Art museum in Dakar, Senegal

The Théodore Monod African Art Museum (Musée Théodore Monod d'Art africain) in Dakar, Senegal is one of the oldest art museums in West Africa. It was promoted by Léopold Senghor, the country's first President.

It was originally called Le Musée d'Art africain de l'Institut fondamental d'Afrique noire Cheikh Anta Diop IFAN/CAD and later renamed Musée de l'Institut Fondamental d'Afrique Noire or IFAN Museum of African Arts. In December 2007, its official title was changed to The Théodore Monod African Art Museum ("Musée Théodore Monod d'Art africain"), after the French naturalist Théodore André Monod, former director of IFAN.
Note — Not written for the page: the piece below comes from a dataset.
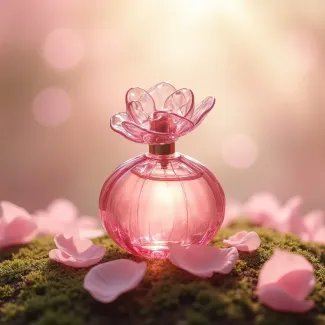 تصویر ادکلن با شیشه صورتی عکس حرفه ای عطر و ادکلن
The museum is part of the Institut Fondamental d'Afrique Noire (IFAN) institute, founded 1936 under the Popular Front government in France. When IFAN was transferred to Cheikh Anta Diop University in 1960, the building at Place Soweto near the National Assembly of Senegal was converted into a museum. It is today one of the most prestigious centers for the study of African culture and part of the Cheikh Anta Diop University. As the main cultural research center of the colonies of French West Africa, it contains important collections from across Francophone Africa.

The museum is one of the regular locations used in the Dakar Biennale exhibition, showing art by contemporary African and diaspora artists.